TELCO is India's largest commercial vehicle maker. Its market-shares are 66 per cent in the medium and heavy commercial vehicles segment, 67 per cent in the light commercial segment and 26 per cent in the utility vehicles segment. TELCO reported a turnover of Rs 64 billion in 1999.
At its Lucknow unit in northern India, 12,500 units of Sumo and other light commercial vehicles are assembled annually though the total capacity is 30,000. Workers were irked that their counterparts at Pune in western India were being paid higher wages.
So they demanded wage parity. Workers wanted Rs 4,000 (about $ 90) more per month. TELCO was willing to concede only Rs 2,000 more per month. The Lucknow unit has some 1,000 workers. Had TELCO accepted the workers' demand, it would have raised the company's wage bill by 0.3 per cent.
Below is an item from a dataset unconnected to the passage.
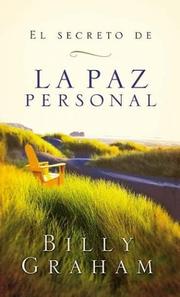 Cover of: El Secreto De LA Paz Personal by Billy Graham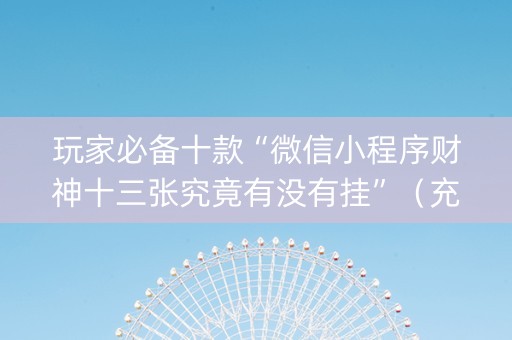 玩家必备十款“微信小程序财神十三张究竟有没有挂”（充值会提高胜率么)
But cost-conscious TELCO rejected the demand and pointed out that it would like to link wages to productivity.
Like TELCO, India's leading corporates are seriously adopting cost-cutting measures. Increasingly, these measures have become synonymous with modernisation. TELCO's Lucknow plant had undertaken a Rs 3 billion capital expenditure, and followed it up with downsizing of its staff by five per cent in spite of its entry into the passenger car market. V K Verma, senior deputy general manager, human resources development or HRD, TELCO, says, ``New plants do not require the same level of manning.''
In other words, old plants call for manning and spell trouble for managements. TELCO's losses rose to Rs 603.6 million for the third quarter ended December 1999 even as it struggled to absorb the full commissioning costs of its Rs 17 billion passenger car project. Losses for the corresponding period the previous year were Rs 216 million. And with talk of plans to hive off divisions for heavy duty transmission, axles, machine tools, there is a general fear among the workers that they might be retrenched.
Fears of this kind are leading to trade union activities reminiscent of the restless 1970s and early '80s (that is, the pre-liberalisation era). Workers' representatives say companies have little control over the cost of other inputs, so they find in either job-cuts or wage-cuts, or both together, a convenient route to lower costs.
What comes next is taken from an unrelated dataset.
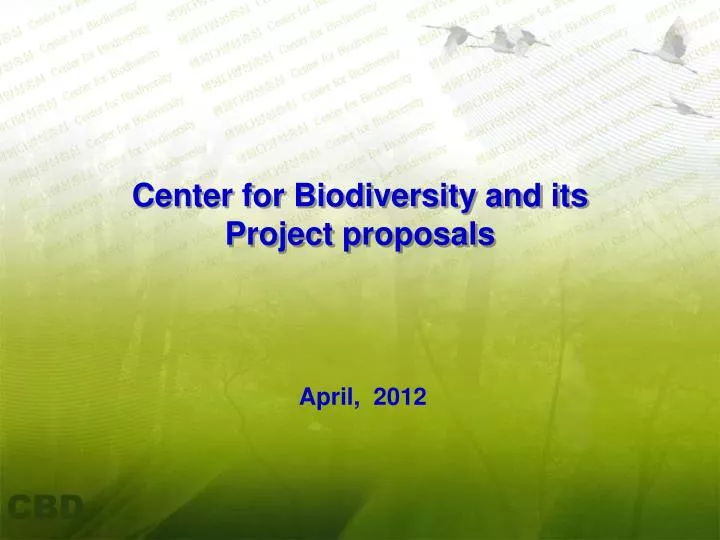 center for biodiversity and its project proposals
P N Dada Samant, president, Kamgah Agadhi, a leading labour union, says, ``Today's workers do not mind foregoing a given like Diwali-time bonus. The situation has become so bleak that the managements are calling the shots.''
One reason for that is that during 1991-96, India received Rs 40 billion of foreign direct investment; but the estimated employment in the public and private sectors rose by just 12.08 per cent. Professor C S Venkata Raman, faculty member, International Management Institute, Bombay, says, ``Permanent jobs are becoming scarce as companies cuts jobs and wages and depend more and more on contract labour to stay competitive.''
Trade unions are no longer finding it easy to confront employers: industrial unrest can drive a company out of business in a competitive market. So whenever workers threaten strike, managements are quick to reiterate their motto: "Shore up the company's bottomline at any cost."
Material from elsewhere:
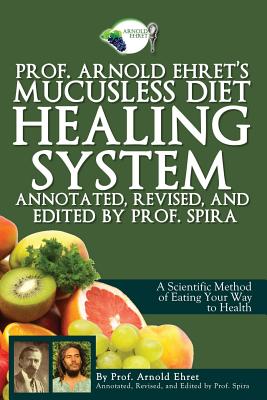 Prof. Arnold Ehret's Mucusless Diet Healing System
S Krishnan, director-general, training and employment in the ministry of labour, admits, ``There is a hardening of stance by the employers. They want their costs to be reduced at any cost.''
R N Srivastava, advisor, HRD, JK Industries, traces the present turmoil to the previous decade. "In the '90s, there was a hiring binge; companies did not mind huge workforces. The cost of production was not high on their agenda; today, it is, hiring is not.''
Sagging bottomlines are leading to the significant job-cuts in the steel, mining and automobile sectors. With the adoption of new technologies, the dependence on manpower is gradually declining rapidly.
The steel industry, for instance, has drastically altered technologies over the past 15 years. Mini plants have pushed integrated steel plants to the boundaries. Big steel companies have to keep their overheads extremely low, automating and economising wherever possible. With the slump in the demand for steel, profit margins got squeezed. As a result, the Steel Authority of India and the Tata Iron and Steel Company had to reduce staff by 7 per cent and 15 per cent respectively.
J S Khandpur, group vice-president, people development and communications, Ballapur Industries Limited, says, ``The cost of production is now being benchmarked against the best in the world. You have to cut costs wherever possible.''
Other staff-heavy companies such as Bharat Coking and Eastern Coalfields have not increased their manpower since 1994. When faced with unmet productivity targets, big companies retrench workers, and install machinery that can do more work.
However, Crompton Greaves's roster swelled in 1995 and 1996 because it merged some loss-making subsidaries with itself. It had to offer voluntary retirement packages to cut 200 jobs. The National Thermal Power Corporation had to take over a power unit in Talcher in 1995 and Indian Airlines had to absorb the loss-making Vayudoot. These moves entailed absorption of existing workers which meant considerable strain on the corporates' financial health.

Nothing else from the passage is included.